_DATA LISTING:_
>>>>>
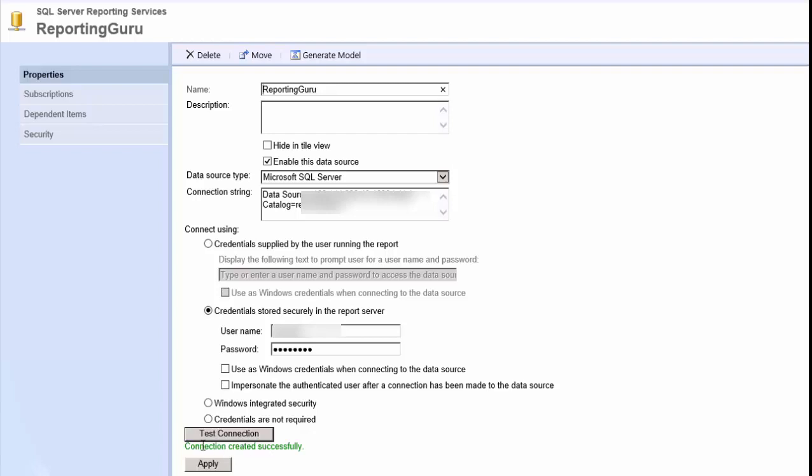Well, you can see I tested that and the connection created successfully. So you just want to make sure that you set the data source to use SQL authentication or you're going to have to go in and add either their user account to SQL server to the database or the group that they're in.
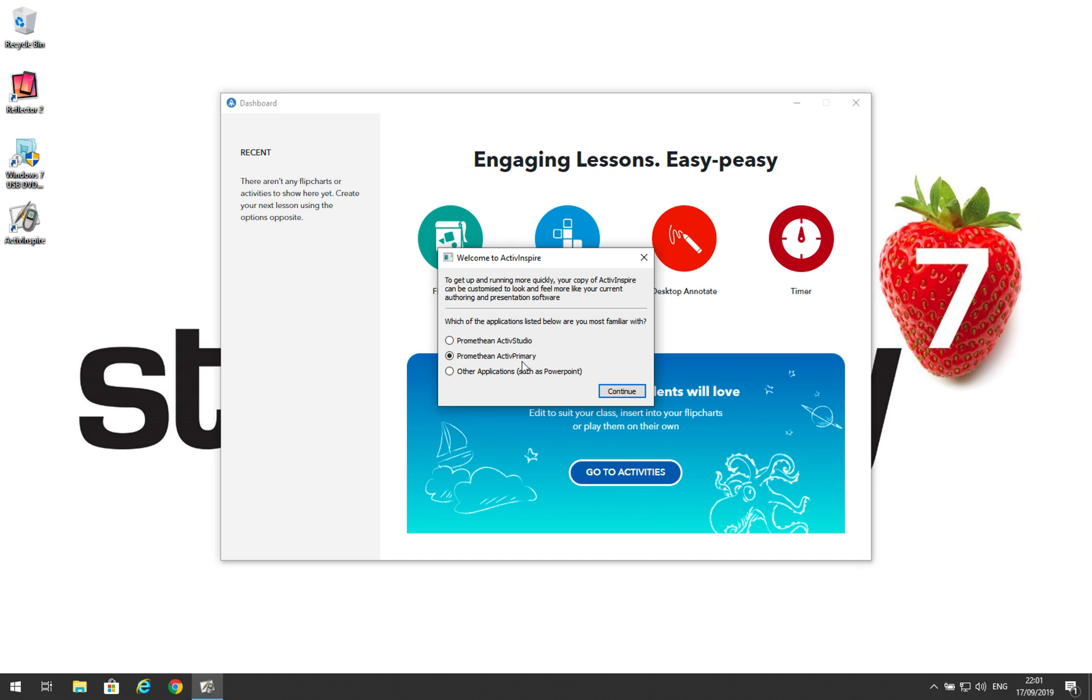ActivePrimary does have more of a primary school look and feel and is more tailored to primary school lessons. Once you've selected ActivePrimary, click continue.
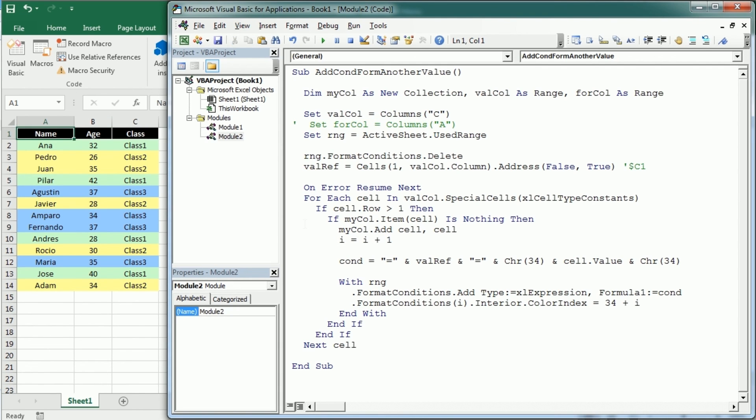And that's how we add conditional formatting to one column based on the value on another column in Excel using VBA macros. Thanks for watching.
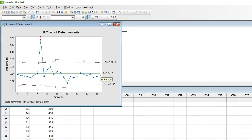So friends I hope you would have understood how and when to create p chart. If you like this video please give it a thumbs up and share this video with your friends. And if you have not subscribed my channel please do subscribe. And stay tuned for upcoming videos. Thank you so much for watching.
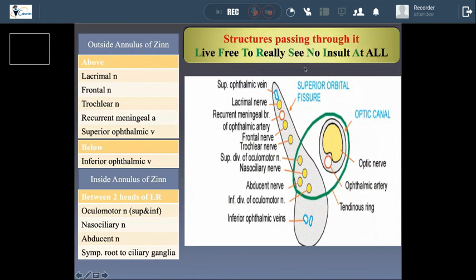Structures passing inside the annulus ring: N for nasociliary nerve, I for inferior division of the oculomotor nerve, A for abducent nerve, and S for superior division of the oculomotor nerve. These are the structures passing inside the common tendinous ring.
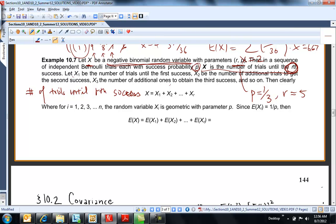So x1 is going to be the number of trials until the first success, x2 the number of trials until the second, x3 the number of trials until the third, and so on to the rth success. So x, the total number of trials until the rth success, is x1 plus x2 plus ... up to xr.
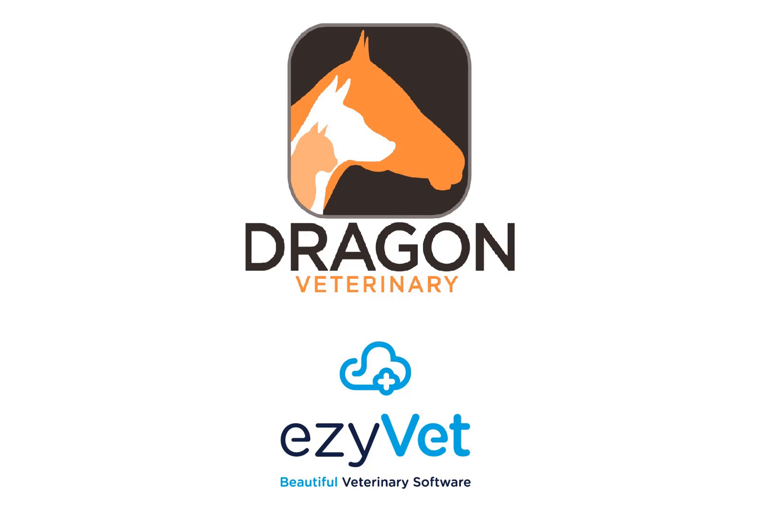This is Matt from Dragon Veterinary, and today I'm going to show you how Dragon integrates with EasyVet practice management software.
<<<<<
>>>>>
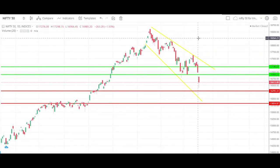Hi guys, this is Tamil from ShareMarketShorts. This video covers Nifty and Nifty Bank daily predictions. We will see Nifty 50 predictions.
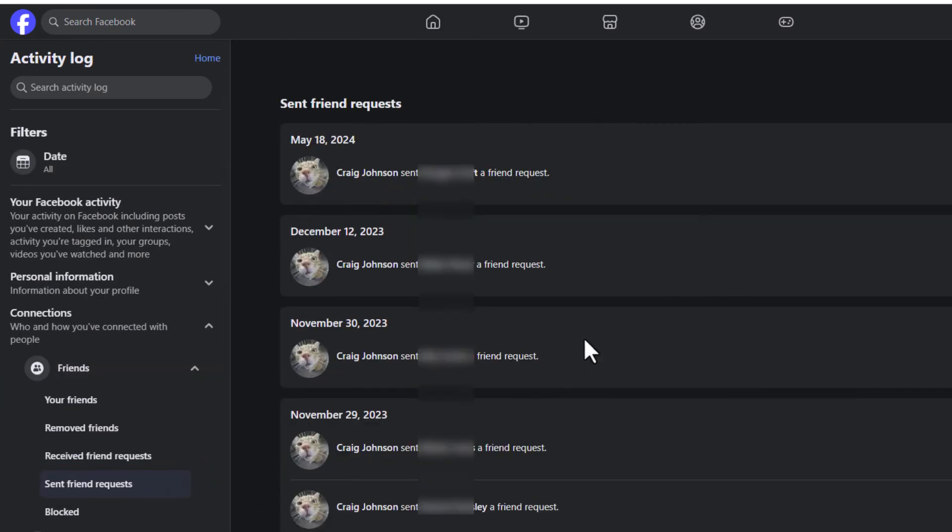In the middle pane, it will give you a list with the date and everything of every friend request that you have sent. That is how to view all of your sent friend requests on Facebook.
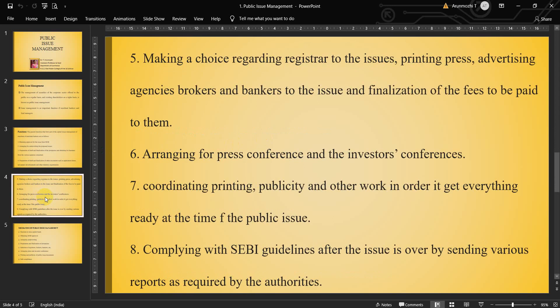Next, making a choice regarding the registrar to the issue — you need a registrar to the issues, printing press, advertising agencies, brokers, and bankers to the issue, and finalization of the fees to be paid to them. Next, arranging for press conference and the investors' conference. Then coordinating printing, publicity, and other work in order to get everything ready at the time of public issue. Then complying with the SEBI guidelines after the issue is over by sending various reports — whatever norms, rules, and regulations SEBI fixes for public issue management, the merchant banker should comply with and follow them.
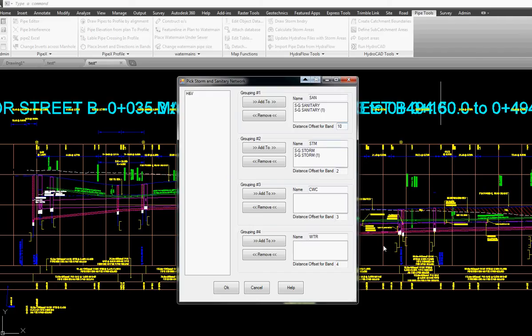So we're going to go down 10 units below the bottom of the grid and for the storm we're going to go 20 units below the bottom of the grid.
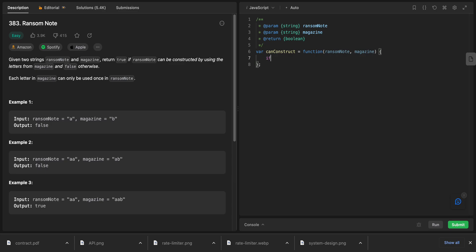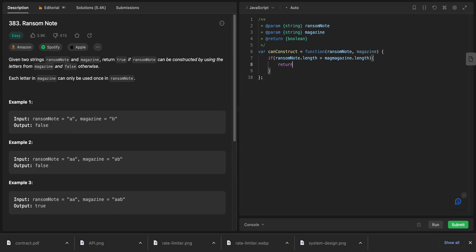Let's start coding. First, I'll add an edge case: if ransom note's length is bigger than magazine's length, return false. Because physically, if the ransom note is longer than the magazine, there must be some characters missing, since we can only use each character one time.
<<<<<
>>>>>
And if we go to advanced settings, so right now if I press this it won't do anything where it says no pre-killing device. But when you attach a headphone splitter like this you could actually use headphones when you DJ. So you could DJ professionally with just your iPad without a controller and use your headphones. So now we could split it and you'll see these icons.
<<<<<
Above are some records. Reproduce the lines from the one with "Well, you can" down to the one with "This is Matt", keeping both, and leave every picture out.

Well, you can see I tested that and the connection created successfully. So you just want to make sure that you set the data source to use SQL authentication or you're going to have to go in and add either their user account to SQL server to the database or the group that they're in.
ActivePrimary does have more of a primary school look and feel and is more tailored to primary school lessons. Once you've selected ActivePrimary, click continue.
And that's how we add conditional formatting to one column based on the value on another column in Excel using VBA macros. Thanks for watching.
So friends I hope you would have understood how and when to create p chart. If you like this video please give it a thumbs up and share this video with your friends. And if you have not subscribed my channel please do subscribe. And stay tuned for upcoming videos. Thank you so much for watching.
Structures passing inside the annulus ring: N for nasociliary nerve, I for inferior division of the oculomotor nerve, A for abducent nerve, and S for superior division of the oculomotor nerve. These are the structures passing inside the common tendinous ring.
So x1 is going to be the number of trials until the first success, x2 the number of trials until the second, x3 the number of trials until the third, and so on to the rth success. So x, the total number of trials until the rth success, is x1 plus x2 plus ... up to xr.
This is Matt from Dragon Veterinary, and today I'm going to show you how Dragon integrates with EasyVet practice management software.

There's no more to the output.